A La Haye, la Cour pénale internationale a infligé 14 ans de prison au « Seigneur
de guerre » Thomas Lubanga, originaires de la Rd Congo. En Sierra Leone, le tribunal
de l’ONU qui y jugeait l’ancien président du Libéria Charles Taylor, l’a condamné
à 50 ans de prison ferme. Dans l’une comme dans l’autre affaire, une opinion africaine
s’est déclarée insatisfaite. Pour le condamné de La Haye, les critiques dénoncent
une relative magnanimité au vu des faits d’une rare gravité commis. Pour Charles Taylor,
certains auraient voulu que le condamné n’interjette pas appel. Dans l’un comme l’autre
cas, l’Afrique peine à s’entendre sur ce qu’elle veut vraiment dès qu’il est question
de justice.
Si l’on y ajoute le « malaise » de ceux pour qui la justice ne
sera vraiment internationale que lorsqu’elle s’occupera de tous les crimes, pas seulement
de ceux des Africains, on en vient à une confusion totale. C’est un fait : le monde
évolue dans une logique éclatée aujourd’hui. Les acteurs, et donc les responsables
des méfaits, peuvent être visibles, mais leurs commanditaires, les intérêts et les
mécanismes ne sont pas forcément ceux que l’on voit. Et puis, la justice est un processus
complexe : elle ne s’arrête pas à l’énoncé des peines. Son aboutissement inclut le
fait d’insuffler le sentiment que les faits jugés ont été inventoriés avec équilibre
; que les crimes commis ont été sanctionnés avec justesse.
Le Pape Benoît XVI
a posé les termes du problème ; ils renvoient à la conscience de tous.

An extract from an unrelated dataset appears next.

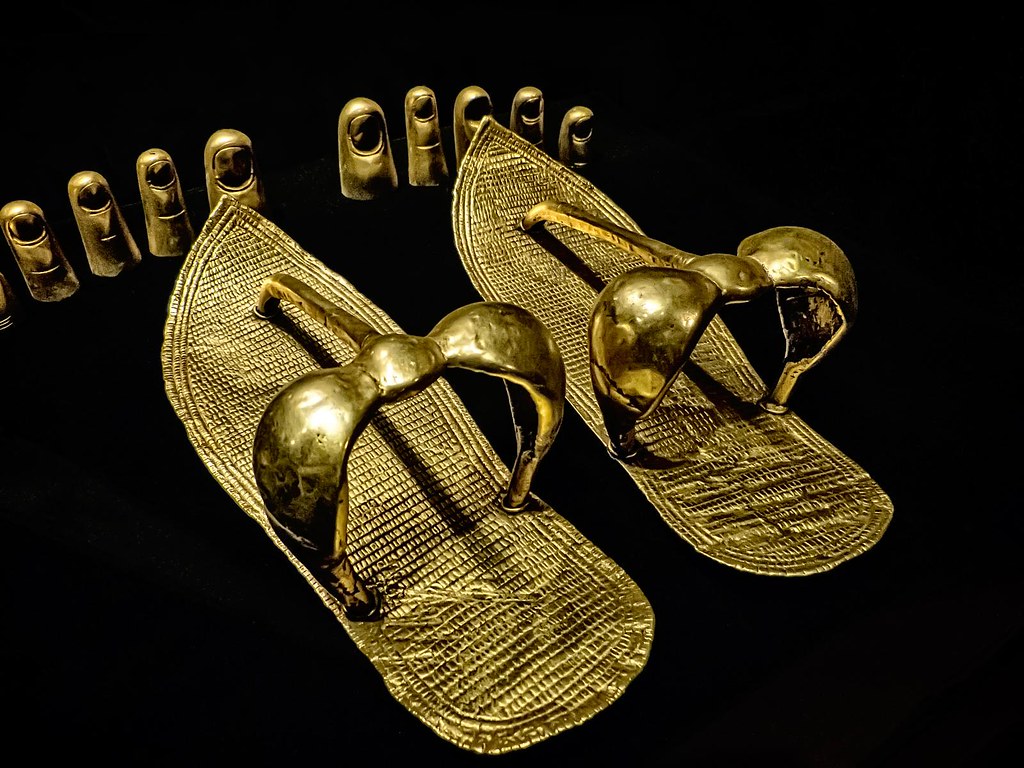 King Tutankhamun's gold sandals and toe covers New Kingdom… | Flickr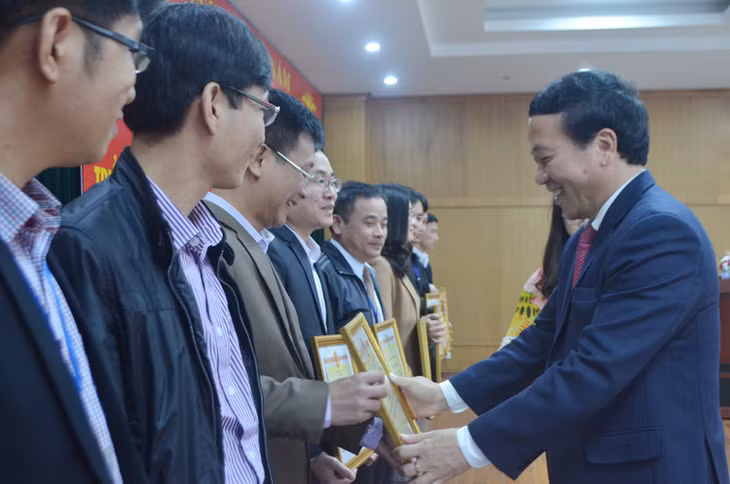 Lãnh đạo tỉnh tặng bằng khen của UBND tỉnh cho các cá nhân.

La globalisation
des faits renvoie aussi, forcément, à une globalisation des responsabilités sans les
atténuer. Cette situation n’en place que davantage les gouvernants aux avant-postes
pour dire le droit et agir de sorte à ne pas créer les injustices. « Nous pouvons
(…) identifier le même enchainement de responsabilités dans les causes immatérielles
et culturelles du développement et du sous-développement », écrivait le pape Benoit
XVI dans Caritas in Veritate (N°22) En deux synodes continentaux, en 1994
et en 2009, les évêques africains ont fait des thèmes de justice, de paix et de réconciliation
le centre de leurs préoccupations. Et dans Africae munus, Benoît XVI rappelle
que le processus de la paix et de la réconciliation engage les coupables, mais aussi
les victimes et les dirigeants. « Pour devenir effective, cette réconciliation
devra être accompagnée par un acte courageux et honnête : la recherche des responsables
de ces conflits, de ceux qui ont commandité les crimes et qui se livrent à toutes
sortes de trafics, et la détermination de leur responsabilité. Les victimes ont droit
à la vérité et à la justice. Il est important actuellement et pour l’avenir de purifier
la mémoire afin de construire une société meilleure où de telles tragédies ne se répètent
plus. » Africae Munus, N° 21. Le rappel de l’Eglise fixe donc le repère
et rappelle la direction de la boussole : la justice des hommes, lorsqu’elle semble
s’essouffler, peut puiser force et inspiration dans la justice de Dieu qui offre « l’horizon
vers lequel elle doit tendre pour s’accomplir » (Africae munus, N°25).
Et, puisqu’il est question de Dieu qui est amour, une justice juste ne pourra se bâtir
que sur le terrain des actions qui ne sèment pas la frustration, le dédain et la haine.
Aux dirigeants de le comprendre, aux peuples – aux baptisés – de le vivre quotidien.